Recorded data START

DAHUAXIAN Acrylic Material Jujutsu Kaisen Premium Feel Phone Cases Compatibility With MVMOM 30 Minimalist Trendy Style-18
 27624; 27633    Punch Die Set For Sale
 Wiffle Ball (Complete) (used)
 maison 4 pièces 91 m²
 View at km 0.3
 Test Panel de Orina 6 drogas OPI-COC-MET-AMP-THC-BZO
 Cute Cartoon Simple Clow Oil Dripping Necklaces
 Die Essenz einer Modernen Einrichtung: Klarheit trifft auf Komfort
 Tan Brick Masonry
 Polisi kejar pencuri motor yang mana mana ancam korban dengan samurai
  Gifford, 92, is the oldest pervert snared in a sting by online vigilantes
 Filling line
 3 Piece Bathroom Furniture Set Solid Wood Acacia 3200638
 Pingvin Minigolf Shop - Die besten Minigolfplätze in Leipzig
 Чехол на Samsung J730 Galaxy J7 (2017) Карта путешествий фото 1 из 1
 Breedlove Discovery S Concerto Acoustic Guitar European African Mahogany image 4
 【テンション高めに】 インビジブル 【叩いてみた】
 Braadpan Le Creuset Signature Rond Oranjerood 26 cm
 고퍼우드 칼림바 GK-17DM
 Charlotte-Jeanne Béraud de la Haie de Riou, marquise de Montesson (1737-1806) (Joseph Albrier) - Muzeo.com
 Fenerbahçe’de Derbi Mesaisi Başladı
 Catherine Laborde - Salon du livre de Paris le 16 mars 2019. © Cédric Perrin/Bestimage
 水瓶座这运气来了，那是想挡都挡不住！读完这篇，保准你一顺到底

Recorded data END

**What the task requires:** Start to finish, output the whole listing exactly.

**Exercise solution:**
DAHUAXIAN Acrylic Material Jujutsu Kaisen Premium Feel Phone Cases Compatibility With MVMOM 30 Minimalist Trendy Style-18
 27624; 27633    Punch Die Set For Sale
 Wiffle Ball (Complete) (used)
 maison 4 pièces 91 m²
 View at km 0.3
 Test Panel de Orina 6 drogas OPI-COC-MET-AMP-THC-BZO
 Cute Cartoon Simple Clow Oil Dripping Necklaces
 Die Essenz einer Modernen Einrichtung: Klarheit trifft auf Komfort
 Tan Brick Masonry
 Polisi kejar pencuri motor yang mana mana ancam korban dengan samurai
  Gifford, 92, is the oldest pervert snared in a sting by online vigilantes
 Filling line
 3 Piece Bathroom Furniture Set Solid Wood Acacia 3200638
 Pingvin Minigolf Shop - Die besten Minigolfplätze in Leipzig
 Чехол на Samsung J730 Galaxy J7 (2017) Карта путешествий фото 1 из 1
 Breedlove Discovery S Concerto Acoustic Guitar European African Mahogany image 4
 【テンション高めに】 インビジブル 【叩いてみた】
 Braadpan Le Creuset Signature Rond Oranjerood 26 cm
 고퍼우드 칼림바 GK-17DM
 Charlotte-Jeanne Béraud de la Haie de Riou, marquise de Montesson (1737-1806) (Joseph Albrier) - Muzeo.com
 Fenerbahçe’de Derbi Mesaisi Başladı
 Catherine Laborde - Salon du livre de Paris le 16 mars 2019. © Cédric Perrin/Bestimage
 水瓶座这运气来了，那是想挡都挡不住！读完这篇，保准你一顺到底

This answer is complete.